Arthur Dennison Cooley "Tokkie" Smith (1934 – 12 July 1985) was chairman of Hong Kong Rugby Football Union 1973–1978, who was recognised for his long service to Rugby Asia and for founding and managing the first three Hong Kong International Sevens tournaments.

== Early life in South Africa ==
Smith was born in 1934 in East London, South Africa and grew up at the beginning of apartheid, his rugby being totally segregated. After finishing school, he left South Africa to travel the world and he ended up in Hong Kong in 1959 where he essentially spent the rest of his life.

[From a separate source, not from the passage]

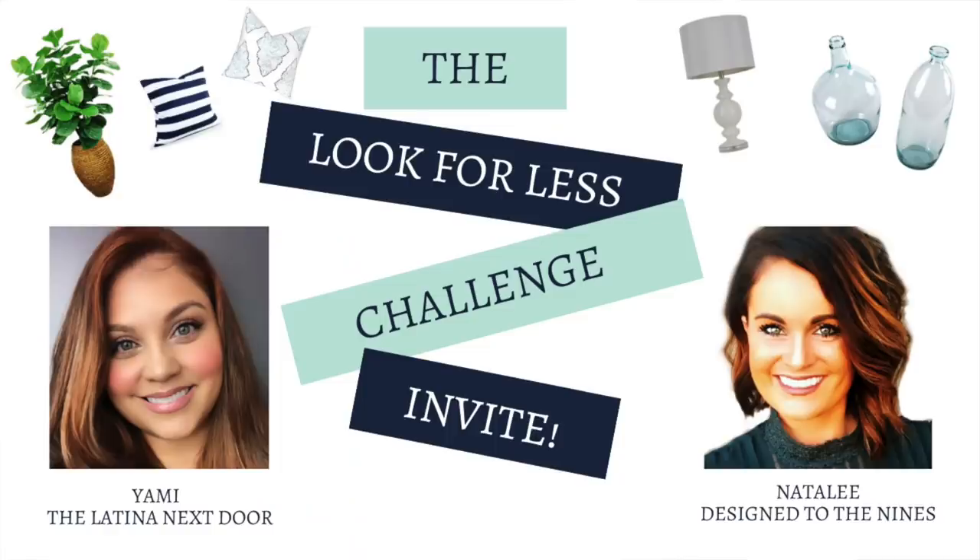I am excited because today is the first day we get to share our Look for Less challenge projects for 2020. If you are not familiar with the Look for Less, it is a challenge that I host every month with a different co-host. This month's co-host is Natalie with Design to the Nines. If you have not checked her out, make sure you do so after you see this video. Her channel information is in my description box below.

It was an active rugby location for him where many expatriates considered the game a way of life.

== Rugby in Hong Kong ==
There were twenty teams in Hong Kong dominated by the Club, the Army, RAF, Navy and the Police. Selected teams took on any tourists or docked war ships, particularly New Zealand frigates.

Tokkie was a second row forward. He was soon Football Club captain and helped improve results to a point where they became regular winners.

== Rugby in Asia ==
With improving travel communications there were more rugby tours between Asian countries, plus visits by Australian and New Zealand military and naval teams released from duties in the region.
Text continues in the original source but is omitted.